* _INPUT DATA_
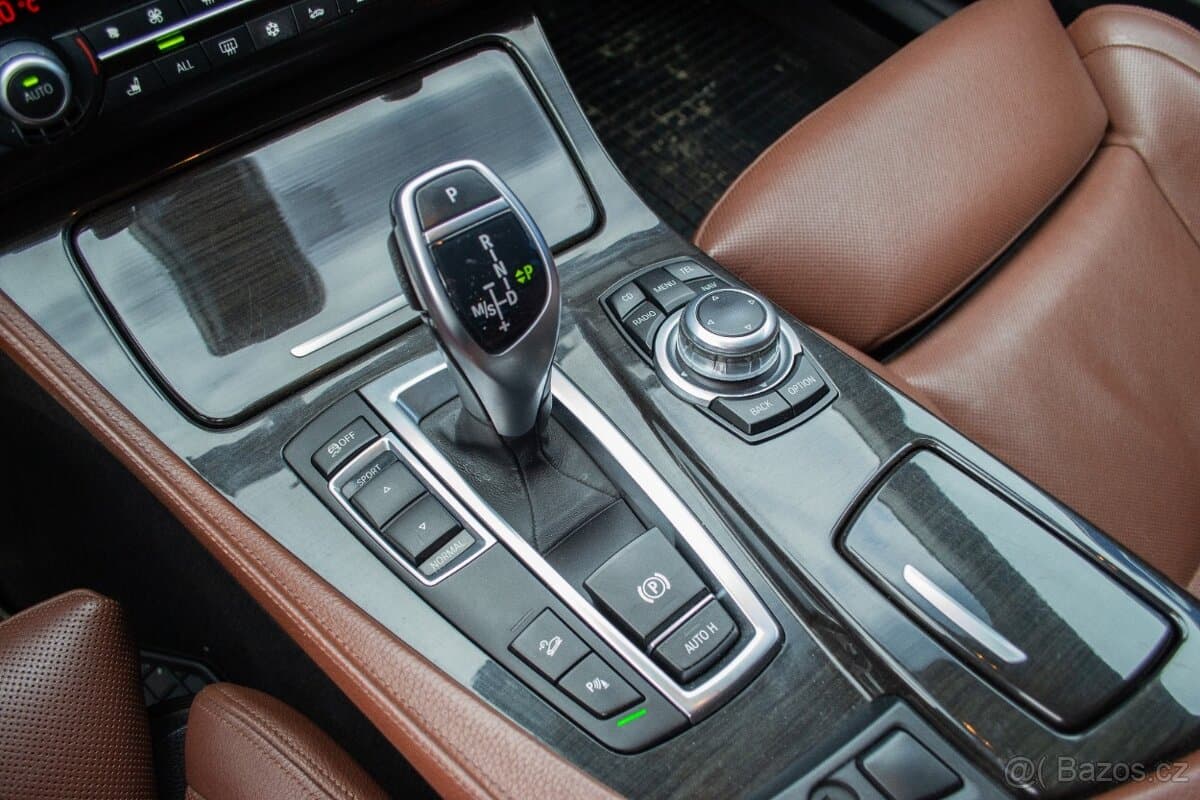 2011 BMW OSTATNÍ - 12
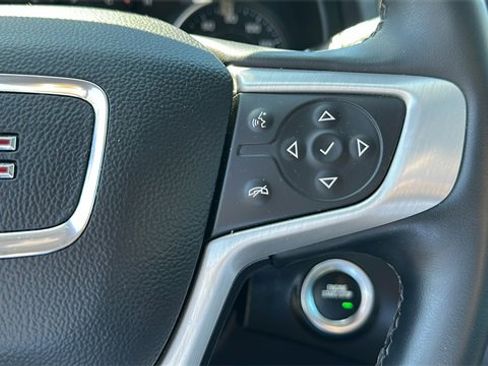 Used 2023 GMC Terrain SLT image 17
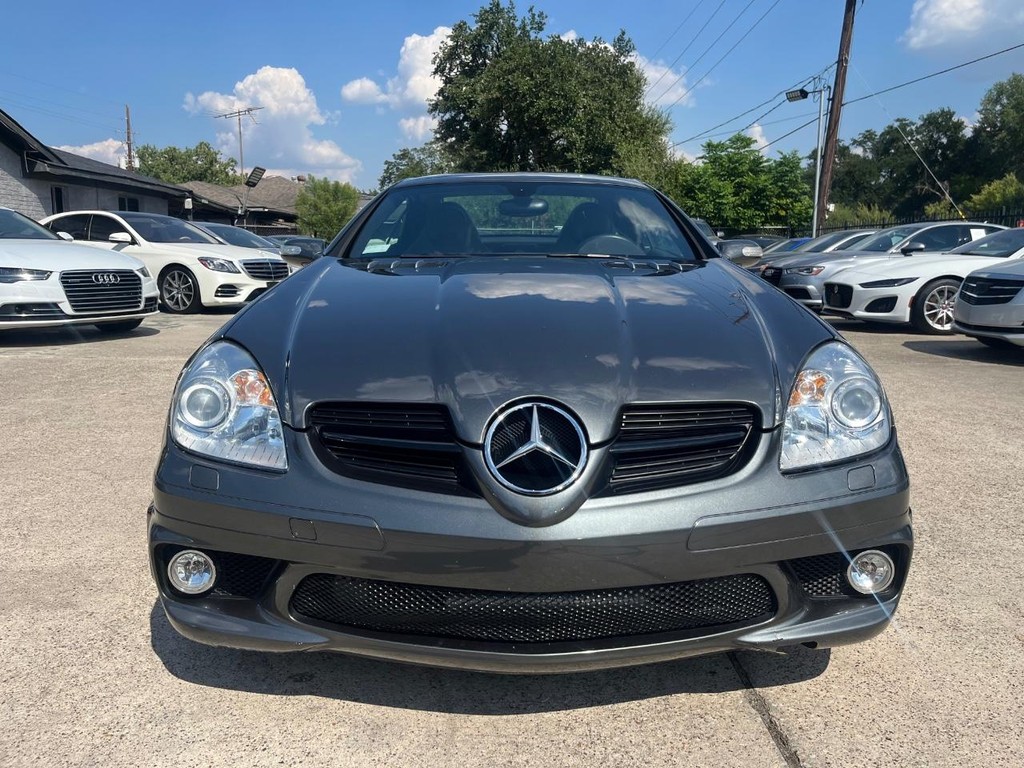 Mercedes-Benz SLK 55 AMG Vehicle Full-screen Gallery Image 04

* _TASK REQUIREMENTS_
Your answer should be every line above, written out exactly, with no pictures.

* _EXPECTED OUTPUT_
 2011 BMW OSTATNÍ - 12
 Used 2023 GMC Terrain SLT image 17
 Mercedes-Benz SLK 55 AMG Vehicle Full-screen Gallery Image 04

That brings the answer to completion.